Un coup de force mené par la France peu avant la présidence
rwandaise du CS, qui court-circuite les efforts de pacification du ‘Processus
de Kampala’ et cache le piège d’une guerre fratricide entre troupes africaines.
Mais le choc des armes n’est pas inéluctable…
« Nous sollicitons la Tanzanie de
se retirer de la résolution de la Communauté de développement de l’Afrique
Australe (SADC) de faire la guerre dans l’Est de la République démocratique du
Congo (RDC). Nous sommes convaincus que la confrontation militaire risque de
provoquer une guerre régionale. Notre position est confortée par trois
éléments : primo, l’Ouganda et le Rwanda risquent d’être entraînés en une
guerre inutile, secundo, l’Ouganda et le Rwanda, et probablement la Tanzanie,
en vont payer des graves conséquences humanitaires ; tertio, en cas
contraire, nous allons prendre la responsabilité d’une prolifération massive
des armes dans la sous région ».
Représentant de Kampala au sein de l’East African
Legislative Assembly (EALA), Fred Mukasa Mbidde a proposé un texte à soumettre
aux membres de cet organisme pendant la session du 16 avril dernier, dans
lequel on invite la Tanzanie à ne pas faire un choix opposé à celui de l’East
African Community et de l’EALA -dont il est membre.

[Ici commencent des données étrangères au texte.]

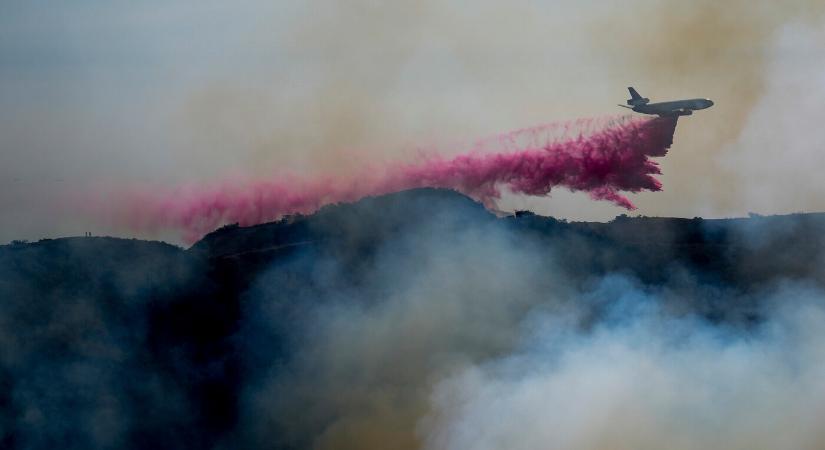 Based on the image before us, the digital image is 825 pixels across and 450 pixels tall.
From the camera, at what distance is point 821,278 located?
9331cm

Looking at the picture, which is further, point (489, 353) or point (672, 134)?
point (672, 134)

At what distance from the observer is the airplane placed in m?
103

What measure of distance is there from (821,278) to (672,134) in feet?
42.2

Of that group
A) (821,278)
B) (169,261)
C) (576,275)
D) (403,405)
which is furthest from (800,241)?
(169,261)

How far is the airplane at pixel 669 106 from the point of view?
103 m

Les deux institutions régionales préconisent une
solution pacifique de la crise dans l’Est de la RDC, avec les deux
belligérants, le mouvement du 23 Mars et le gouvernement de Kinshasa, assis à
la table des négociations.
En même temps,
la ministre des Affaires étrangères de la République du Rwanda, Louise
Mushikiwabo, qui assurait la présidence d’ une réunion du Conseil
de sécurité des Nations Unies consacrée à la prévention des conflits en
Afrique, a déclaré : « Nous ne pensons pas qu’une action militaire soit la solution aux
problèmes dans l’est de la RDC, donc nous considérons cette brigade comme pouvant
être un moyen de dissuasion, une présence nécessaire mais elle doit être
complétée par d’autres aspects, et en premier lieu sur le volet politique du
conflit ».
Si
le schéma de la Résolution 2098, adoptée par le Conseil de Sécurité (CS) de
l’ONU, assume en connaissance de cause le risque concret d’un bain de sang et
du déclanchement d’une confrontation armée entre les Etats des Grands Lacs,
avec massacres à large échelle de populations civiles et poursuite d’actes
d’extermination de la communauté Tutsi, les
forces qui s’y opposent font surface et haussent la voix. Elles suggèrent une
démarche plus typiquement africaine -c'est-à-dire par les biais du dialogue-
pour la règlementation des conflits dans le continent et notamment dans l’Est
de la RDC.
Ainsi, la guerre n’est pas
inéluctable dans les Grands Lacs et il est possible de faire échec au choix du
sang posé par la 2098. Et cela même si les forces qui sont visées du M23 se
préparent à la résistance, et elles doivent s’y préparer car il en va de leur
survie et de celle de leurs familles.
La sauvegarde à outrance -comme à l’époque
précédente la chute de Mobutu- du régime dictatorial et sous tutelle
internationale de Joseph Kabila et la volonté farouche d’en découdre avec le
groupe dirigeant en place à Kigali sont les mobiles principaux du lobbyng
français au Palais de Verre, qui a porté au passage en force d’une Résolution cachant,
dans son application préméditée, le spectre au symbole terrible d’une guerre
fratricide entre troupes africaines.
Miracle du ‘multilatéralisme’, les soldats d’une
nation issue de la nuit de l’Apartheid vont faire le coup de feu contre leurs
frères qui, depuis 2004, mènent un combat sans défaut pour doter la RDC d’une
élite visionnaire et compétente, en mesure de faire bénéficier le peuple des
immenses ressources du pays, d’éliminer les pratiques néfastes de l’exclusion
régionale et de la discrimination ethnique.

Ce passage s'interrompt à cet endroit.